Let Your Creativity Be A Light

If you are a creative person, I’m sure you are periodically met with the awe and wonder of others who are genuinely admiring of your talent. Me, too. What these wonderful and complimentary people are generally unaware of are the challenges that come along with having our gifts.

Earlier today, I watched a new song/video from someone I greatly admire, and was marveling at how easy he makes it look. But I also know that’s not his whole story any more than it is when I share my artwork or my writing.
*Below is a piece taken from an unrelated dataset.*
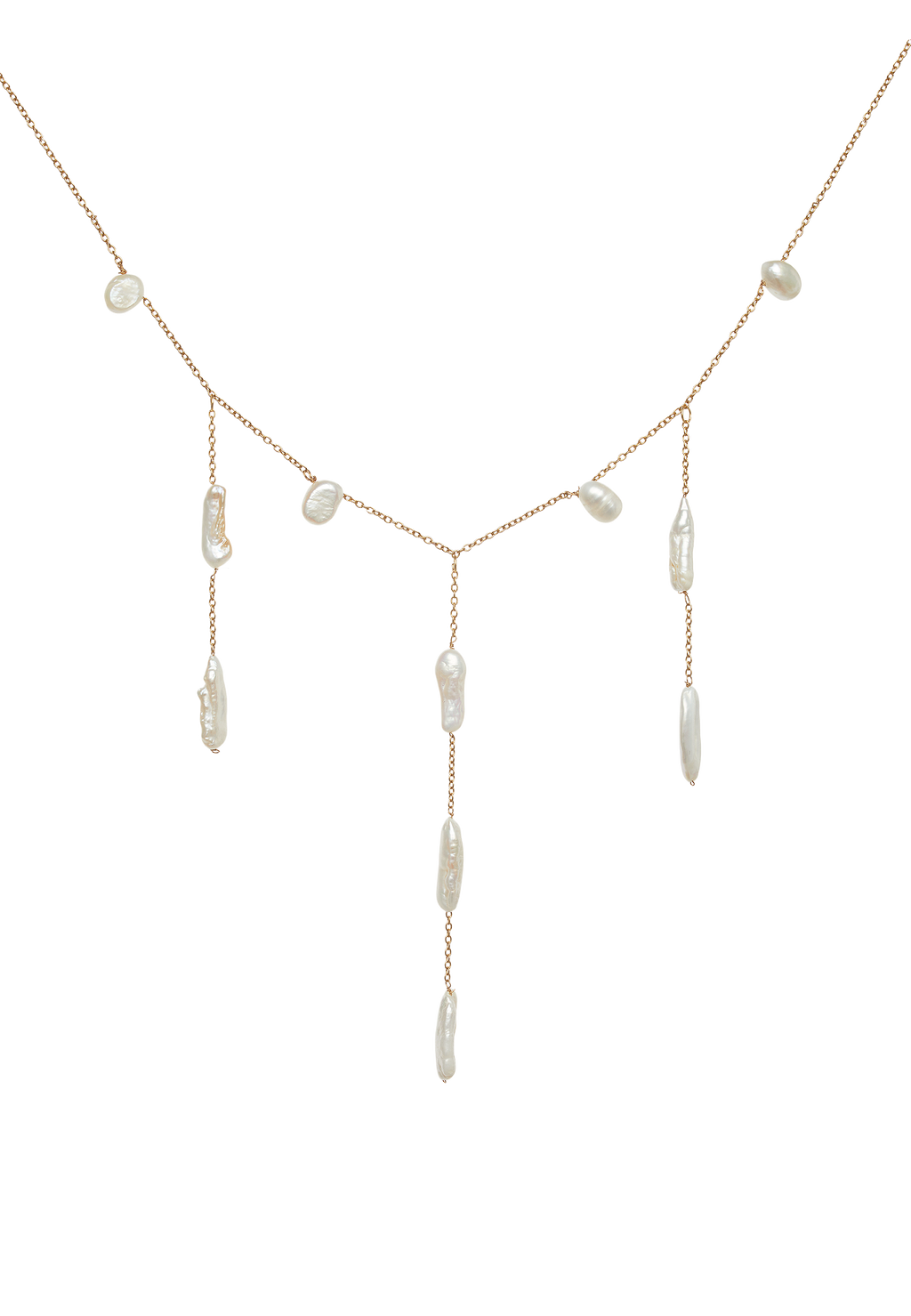 Iris Pearl Necklace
As an artist, there seems to be a natural desire to please an audience, but I also know that that’s not where it’s at. It’s about telling our truth, about letting our truth, and the reality of our experience, travel out into the world and resonate with the people who need and want to hear it.
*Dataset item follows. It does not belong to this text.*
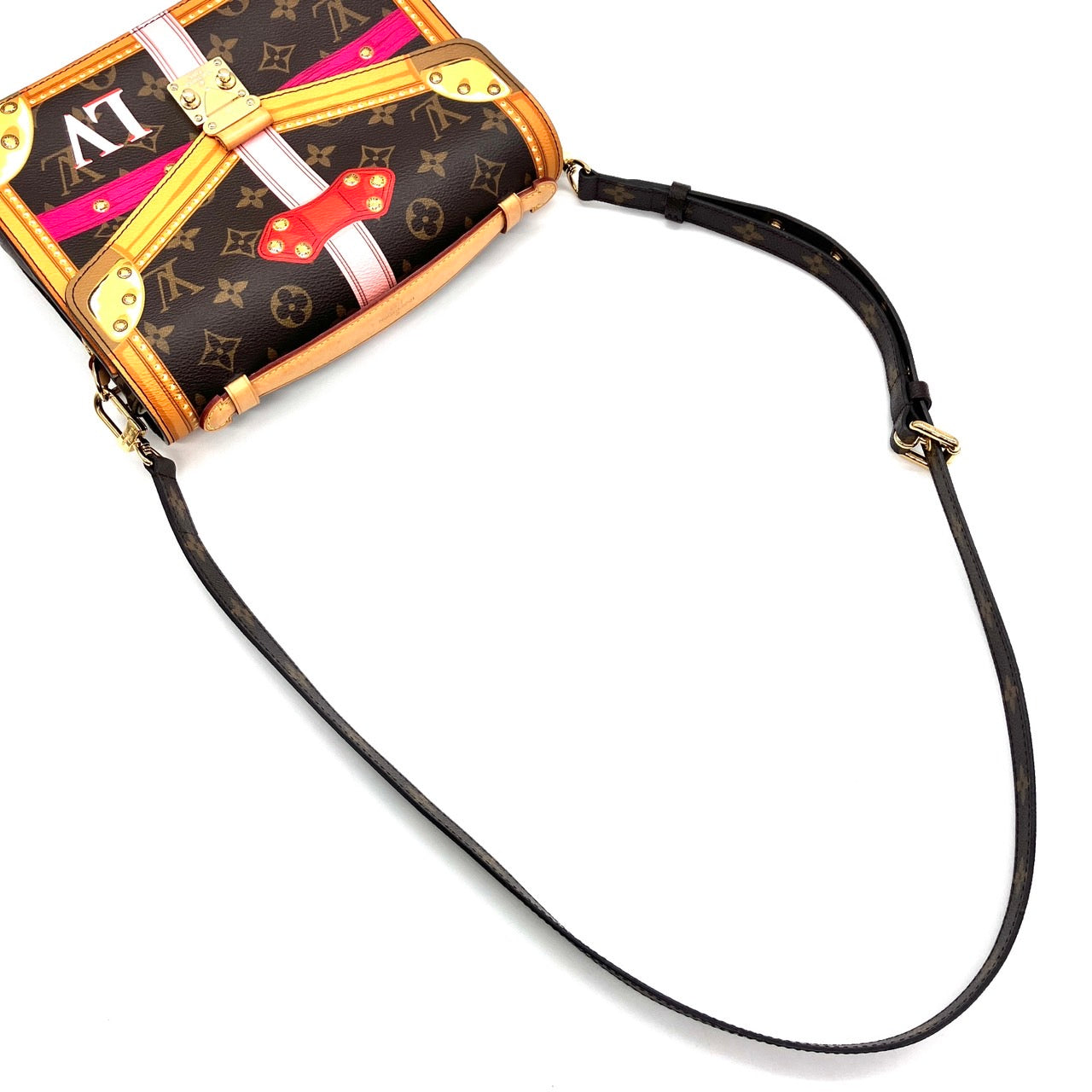 LOUIS VUITTON Summer Trunk Metis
In an environment where we are meticulously measured in likes, comments, shares, algorithms, and endless online assessments, we have to be braver than ever. We have to unlock, untie, unfold our truest meanings, love them for however paltry and confused they may sometimes seem, and share them anyway. The world needs us. I believe that.

Be strong. Be a light.

Inspired by Artists

I have always been inspired by quotes from great thinkers. But when those quotes are also from artists, even more so. I have collected a few to share, hoping that you, too, may be inspired! Happy Spring!
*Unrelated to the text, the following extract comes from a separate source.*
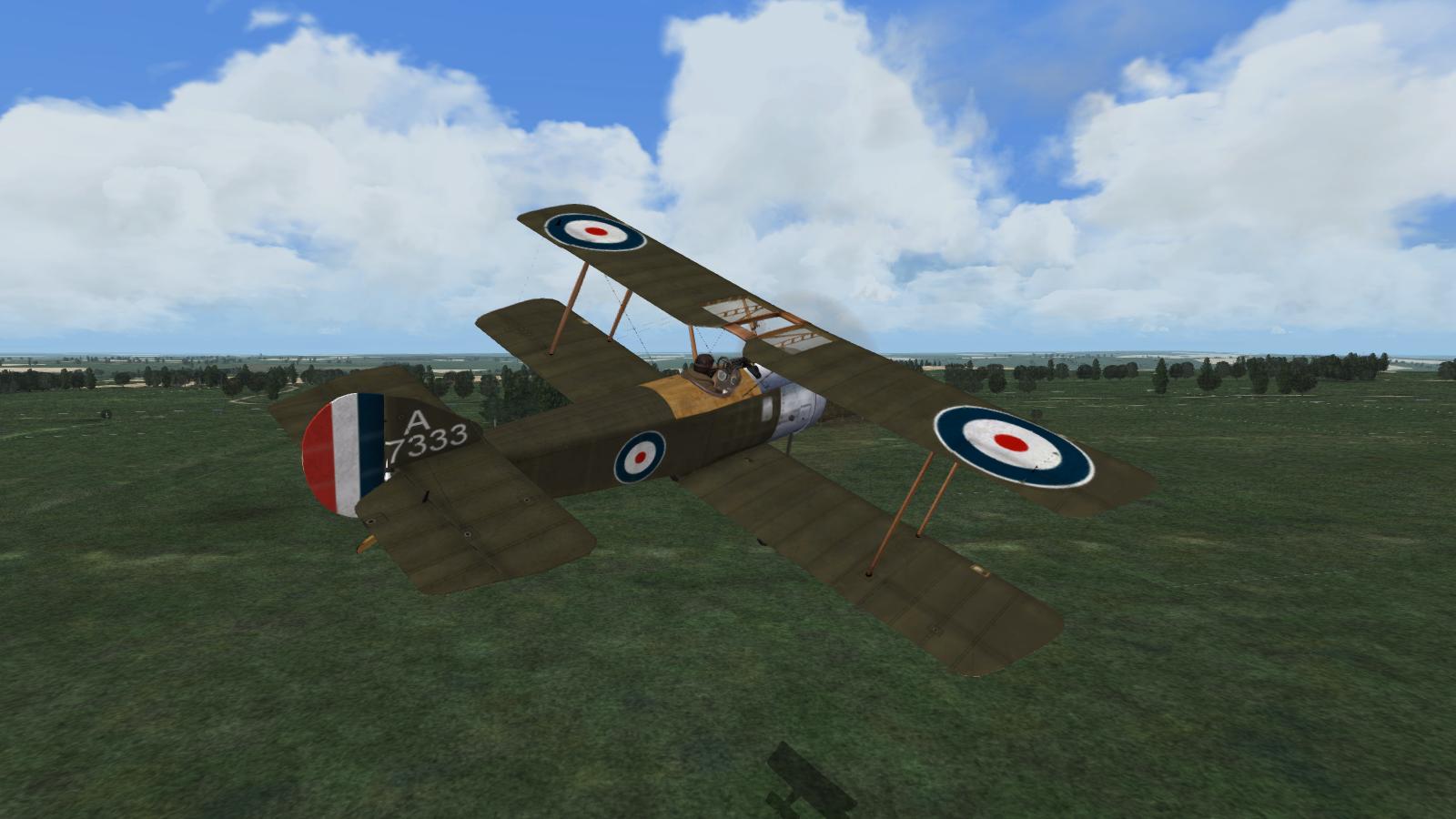 Wings Over Flanders Fields - Sopwith Pup, 46 Sqdn RFC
A scientist can pretend that his work isn’t himself, it’s merely the impersonal truth. An artist can’t hide behind the truth. He can’t hide anywhere.” 
― Ursula K. LeGuin

“If you could say it in words, there would be no reason to paint.” 
― Edward Hopper

“There is a vitality, a life force, an energy, a quickening that is translated through you into action, and because there is only one of you in all time, this expression is unique. And if you block it, it will never exist through any other medium and will be lost.” 
― Martha Graham

“To be an artist means never to avert one’s eyes.” 
― Akira Kurosawa

“Deliver me from writers who say the way they live doesn’t matter. I’m not sure a bad person can write a good book. If art doesn’t make us better, then what on earth is it for.” 
― Alice Walker

“Even in literature and art, no man who bothers about originality will ever be original: whereas if you simply try to tell the truth (without caring twopence how often it has been told before) you will, nine times out of ten, become original without ever having noticed it.” 
― C.S. Lewis

“Anybody can look at a pretty girl and see a pretty girl. An artist can look at a pretty girl and see the old woman she will become. A better artist can look at an old woman and see the pretty girl that she used to be. But a great artist–a master–and that is what Auguste Rodin was–can look at an old woman, portray her exactly as she is . . . and force the viewer to see the pretty girl she used to be . . . and more than that, he can make anyone with the sensitivity of an armadillo, or even you, see that this lovely young girl is still alive, not old and ugly at all, but simply prisoned inside her ruined body.” 
― Robert A. Heinlein

What Patience Yields …

… a desire to return to the final version of the blue heron I’d wanted to do.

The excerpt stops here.